Menstrual hygiene needs – Awareness, dignity and empathy

In response to the unprecedented situation due to COVID-19 pandemic, Safety Monitor Research Foundation (SMRF) decided to do its bit for the community. When economic uncertainties and lockdown deprived access to menstrual hygiene products, government schemes for MHM came to an abrupt stop. The tendency to compromise such priorities is potentially high in women during such times. Therefore, SMRF wanted to distribute this essential item for women. This article is an attempt to present the experience of SMRF in implementing this project in Bengaluru. SMRF conducts research on various aspects of feminine hygiene products which includes product safety assessments, product health experience, menstrual product policy advocacy, standard recommendations and sustainable menstruation awareness sessions.

Menstrual Hygiene

Various studies and our in-house health research survey suggests consistently that menstruating women are under stress during their periods. SMRF survey showed 1 in 4 women experience mood swings, 1 in 7 women experience depression and 1 in 11 women experience both.  Access to menstrual products of their choice and personal hygiene products is limited in the current situation which can further add stress both mentally and physically on menstruating women. MHM kits are important for women’s health to avoid urogenital and reproductive tract infections which can lead to serious complications. Often, menstrual hygiene management needs are ignored during emergency situations since women hesitate to voice these concerns. SMRF strongly believes addressing these often ignored “silent needs” will result in a positive impact on women with low economic and poor living conditions during these extraordinary times.

Menstrual Hygiene Management (MHM) Kit – The search began….

SMRF designed an MHM kit based on the recommendations put forward by reputed agencies such as UNICEF, UNFPA, WaterAid etc. Support provided by various organisations for the ration essentials was encouraging which led us to believe that getting funds for this cause should be easy! To add on, the project will cover UN’s sustainable development goals 1, 3, 5 and 6. Therefore, we called out via social media, emails, phone to various organisations and requested to take this as a CSR activity.

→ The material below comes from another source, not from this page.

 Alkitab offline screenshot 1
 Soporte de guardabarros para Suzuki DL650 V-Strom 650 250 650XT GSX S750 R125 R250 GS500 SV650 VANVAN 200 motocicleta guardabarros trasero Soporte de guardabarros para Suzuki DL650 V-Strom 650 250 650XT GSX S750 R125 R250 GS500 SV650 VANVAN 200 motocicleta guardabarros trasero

After three weeks of rigorous search for funds we could not get a breakthrough! Therefore, we approached NGO’s or organisations working in the menstrual hygiene advocacy or MH product space and finally got a start.

Organisations and fund “Matters” – The observations

The observations reported here are purely based on our experiences. Majority of the organisations that we approached did not resonate a similar enthusiasm that they showed towards rations /grocery relief. However, organisations that were working in menstrual hygiene sector immediately recognised the need and helped us with various resources and connects. Our experiences during this fund search made us feel that there is a lack of awareness and empathy towards these “silent needs”. Therefore, our humble attempt here is to make it “loud and clear” that menstrual hygiene and sanitation projects are important for women’s health. Our experiences show that such discussions have been happening only in relevant groups and this needs to be extended to a wider audience via CSR programs.

MHM Kit – We did it!

SMRF with the help of Helping Hands (a volunteer group in Bangalore) has donated MHM kits containing disposable/ reusable pads, soap, detergent and cloth mask to 250 plus women till date. Thanks to our donors Real Relief Safe PadTM, Aarogya Seva and Rejuvenate India Movement for providing reusable pads, disposable pads and cloth masks to SMRF.

 

Helping Hands volunteer group carried out a crowd funding initiative for soap and detergent. With the support of donors, a kit that almost met the guidelines was made for the women.

Ground observations

Majority of the women were happy and surprised to receive these kits. There were initial hesitations in discussing the topic with some women while some used the opportunity to clarify their doubts. Cloth users were happy to hear that their management methods are healthy, ecofriendly and safe. These women were briefed about basic hygiene practices such as regular changing, washing and drying the cloth in sunlight and discarding the cloth when they feel it’s not clean or old.

A large number of women used reusable products only in situations when they cannot afford to buy disposable pads. However, we noted majority of women do not have access to clean washroom facilities and appropriate pad disposal conditions. Much work is needed in providing basic amenities such as toilets, private space, clean water, regular garbage pickup and disposal. Lockdown has halted the free distribution of pads at government schools which left many kids without this essential supply. These kids were very happy and relieved to receive them.

Pad counters were made available at train ticket processing centres in Bangalore for our worker friends’ women folks. These women take 3 to 5 days to reach their destination and they were happy to receive these pads. SMRF was happy to be part of an activity that lessened the stress and made a small difference in women’s health during these extraordinary times.

Conclusions

Menstrual hygiene was categorised as an essential item on paper but the ground reality was different – disruption of free distribution chain, unavailability of stocks and lack of sanitation infrastructure. Poor visibility of MHM in the context of sustainable development goals was felt during the fund-raising attempts and in terms of sanitation facilities provided by the communities.

SMRF would request all readers to be helpful and resourceful to women who are in need of such resources. We hope to see corporates supporting MHM initiatives as CSR projects in future.